When we visit a new shipper client, there are four things that we typically look for at the outset. They are a:

• 12 month Freight Budget

• 12 month, granular Shipment Activity Report

• 12 month Freight Spend by Carrier Report and

• Routing Guide

A 12 month freight budget, displays the projected and actual freight expenditures by mode by geographic area. We also ask to see a copy of a monthly actual expenditure tracking report by mode by geographic area. This displays how the business is trending and highlights any off-plan or “maverick” spend. It also tells us if they are managing their freight budget.

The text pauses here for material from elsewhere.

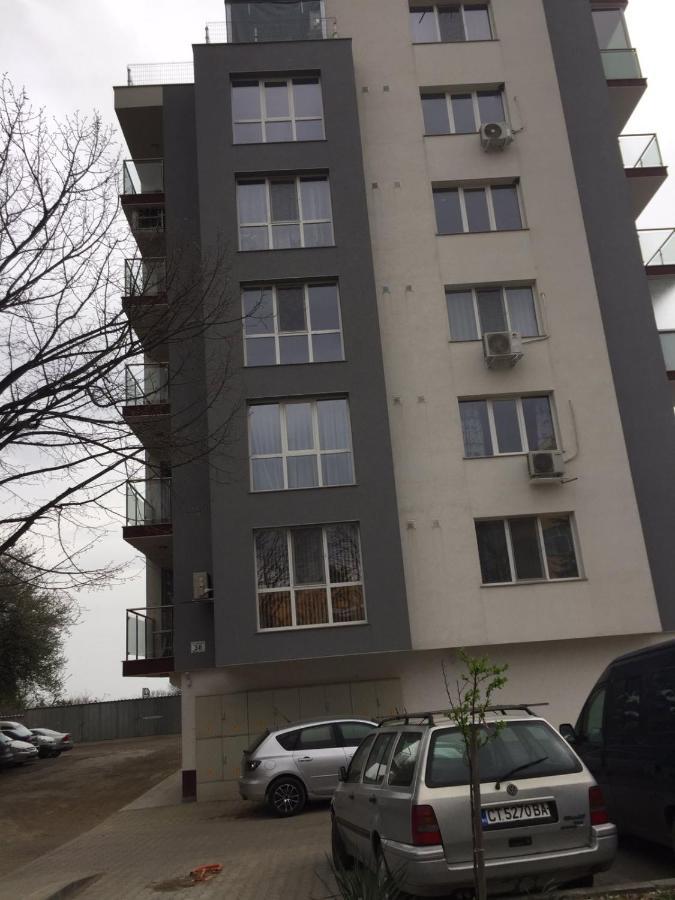 Уютен Нов Апартамент - Стара Загора С Две Спални Lägenhet Exteriör bild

The 12 month granular shipment activity report displays all shipments in an origin/destination spreadsheet format. This report displays shipment type (i.e. parcel, LTL, truckload), mode (i.e. over the road, intermodal, ocean, air), carrier, shipment actual weight, shipment billed weight, freight (linehaul) rate, fuel surcharge, and accessorial charges (i.e. mall delivery, waiting time etc.) for each shipment. This report will often reveal poor shipping practices (i.e. sending individual rather than consolidated LTL shipments to the same customer on the same day).

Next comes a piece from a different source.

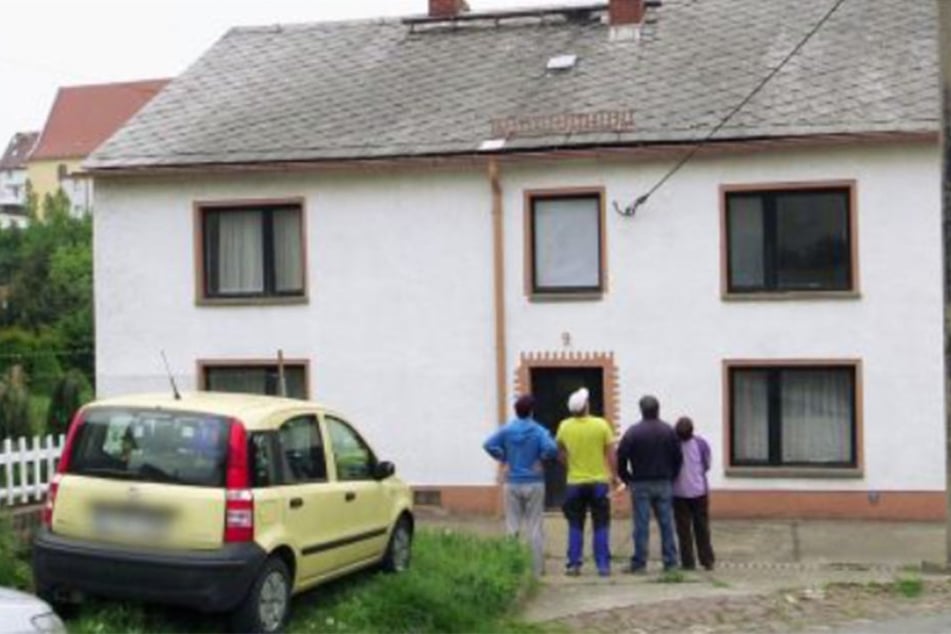 Von außen macht das sanierungsbedürftige Haus in Leisnig einen ganz guten Eindruck. Schon beim Betreten treibt es der Familie jedoch die Schweißperlen auf die Stirn.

The 12 month freight spend activity report by carrier captures information on the money paid to each carrier, for each mode of transport, by geographic area. This tells us how many carriers are being used in each region and the proportion of the business they each have.

The Routing Guide displays the carriers selected as primary and backup for each mode in each region. Once we review and contrast the data in these four reports, they tell us a great deal, not just about the company’s Freight Transportation operation but also much about the other areas of the business. Here are some examples.

Sales Issues

Companies that have a higher than budgeted amount of LTL or expedited freight, may have sales people making commitments to customers on service that fall outside of company norms.

Production Issues

Similarly, companies that experience higher than budgeted LTL or expedited costs may be a result of a variety of production problems. The freight may be coming off the production line so late it is not able to hit daily pick-up schedules or use budgeted or preferred modes.

Warehouse/Inventory Issues

The warehouse footprint in some companies does not allow for an adequate buildup of inventory or necessitate shipping optimized order sizes. It may also reflect inadequate collaboration between central and remote warehouses.

Customer Issues

Customers may not always advise shippers of special promotions or they may make last minute changes to order sizes. In other cases, pallet configurations may result in a poor use of cubic space on a trailer or container.

Transportation Issues

In many cases, we observe a lack of compliance to the published routing guide across multiple company divisions. This can result in the use of carriers that are well down or not even in the routing guide.

Cost overruns are the net result of all of these issues. While much of the responsibility may fall on Transportation, effective freight cost management demands quality data, close collaboration and good communication between multiple departments. The analysis we perform will reveal if the company has the technology (i.e. TMS system) to manage freight. It will highlight “invisible walls” and/or a lack of team work. It may demonstrate a lack of management oversight and discipline. The solutions vary from company to company. They can include any combination of the following: 

Communication with customers on timing of orders, pallet configurations and other items 

Preparation of a quality freight budget and monthly tracking reports 

Acquisition of a TMS system 

Creation of a Transportation Management Council, composed of representatives many most of the key operating departments, that meets on a scheduled basis to address inefficiencies and cost overruns

Stronger management and closer supervision.

One should never forget that freight costs are variable expenses that can be effectively managed and controlled. Companies with superior supply chains can use them as a competitive weapon.